That’s going to be from referencing the
y axis, that’s going to be a distance of
6 minus (x ) ̅. So r, therefore, is going
to be, well the greater value, I am going
to write 12/5 but of course the greater x
value is 6, you can’t have a negative distance
minus 12/5 is going to be equal to, putting
that 6 over 1, finding a common denominator,
we get- the fact that I am running out of
room here, sorry about that-. 6 times 5 is
30. 30 minus 12 or 30 minus 10 is 20 minus
2 is 18. 18 over 5. Alright. Now we have everything
we need. The volume of this solid is going
to be equal to 2 pi times r which is 18/5
times the area of our plane region which is
16/3 is equal to. Now I don’t want to try
and do 2 times 18 times 16 off the top off
my head. So off the top of my head, we get-
the final answer is equal to 576 pi. That’s
not what I said. Let’s try that again. 576.

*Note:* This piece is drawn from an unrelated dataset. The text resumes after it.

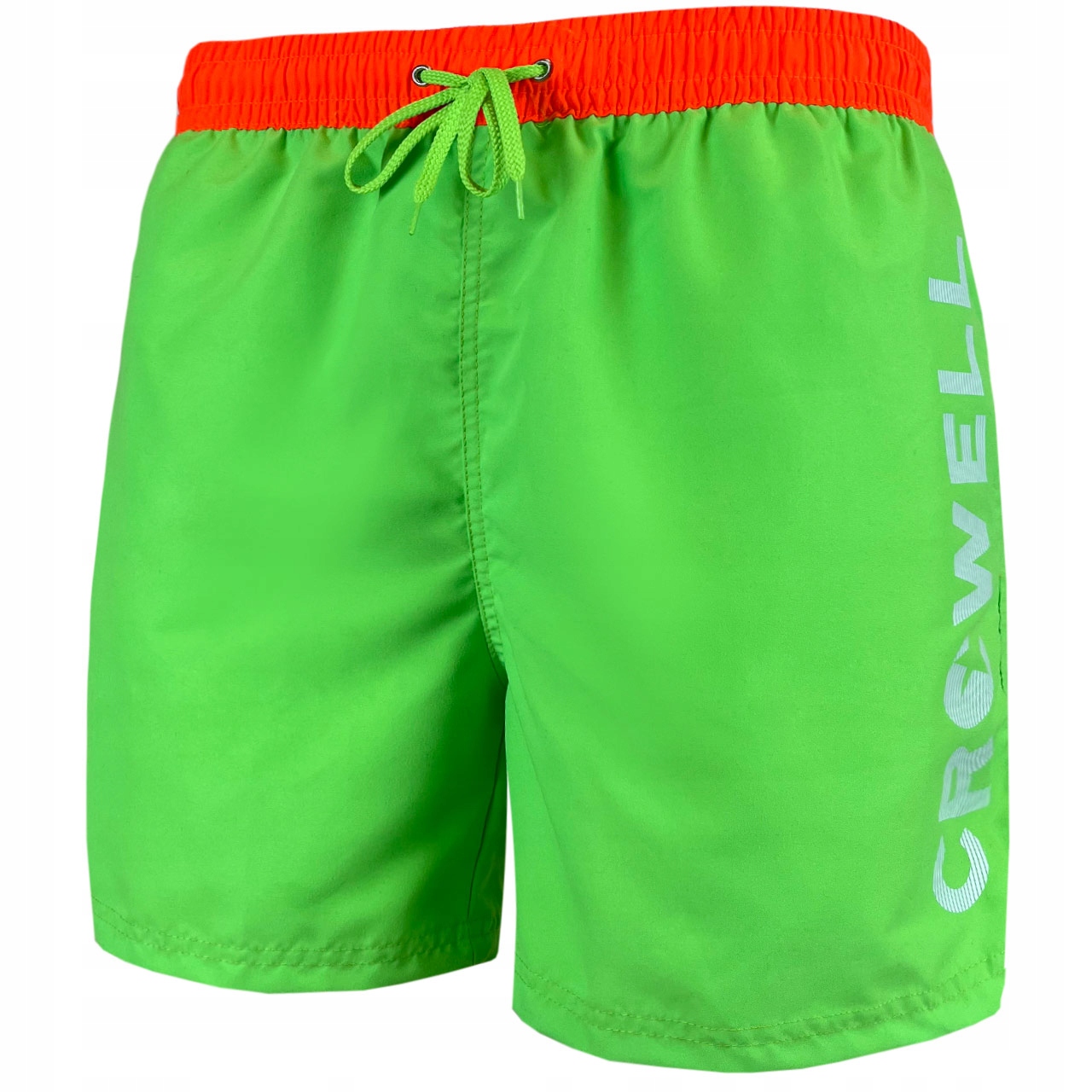 Szorty kąpielowe Crowell Fluo zielono-pomarańczowe R. S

Okay I am glad that this lesson is almost
over. Let’s try this again. 576 pi over
15 and that reduces to 192/5 pi and that is
the volume of this solid which we have now
found using the washer method, using the shell
method and even though I stopped being able
to copy correctly at the end of the video,
we have found the correct answer using the
Theorem of Pappus. I am Mr. Tarrou. BAM! Go
do your homework.